Collected material
....

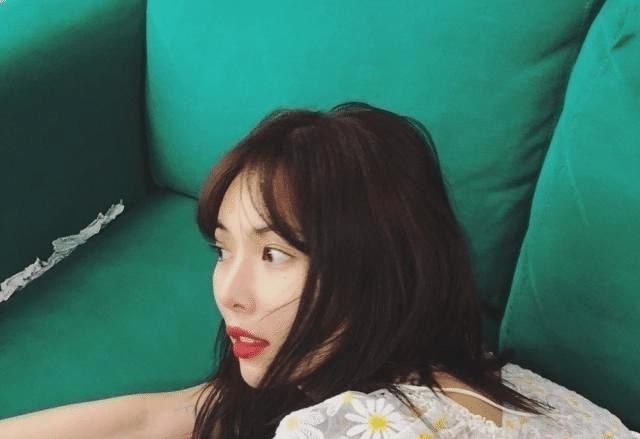 ck内衣大使金泫雅,ck代言人金泫雅内衣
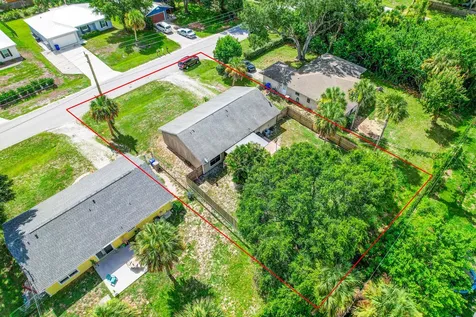 1055 34th Avenue SW Vero Beach FL 32968
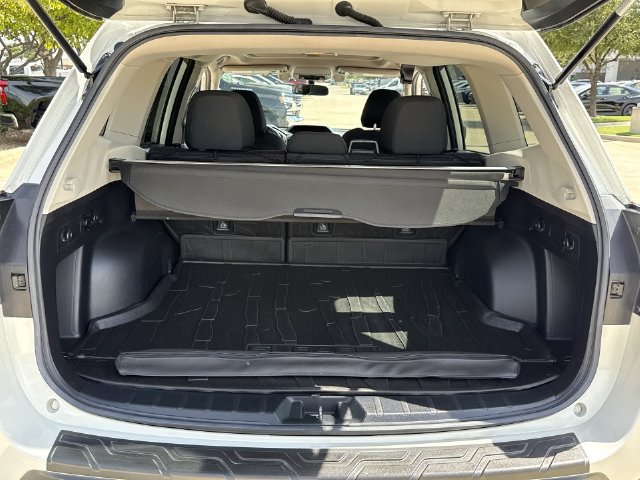 Used 2019 Subaru Forester Premium w/ All-Weather Package AWD/4WD image 12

....

Problem to work on
Print each line above exactly as it appears, excluding all images.

Problem solution
 ck内衣大使金泫雅,ck代言人金泫雅内衣
 1055 34th Avenue SW Vero Beach FL 32968
 Used 2019 Subaru Forester Premium w/ All-Weather Package AWD/4WD image 12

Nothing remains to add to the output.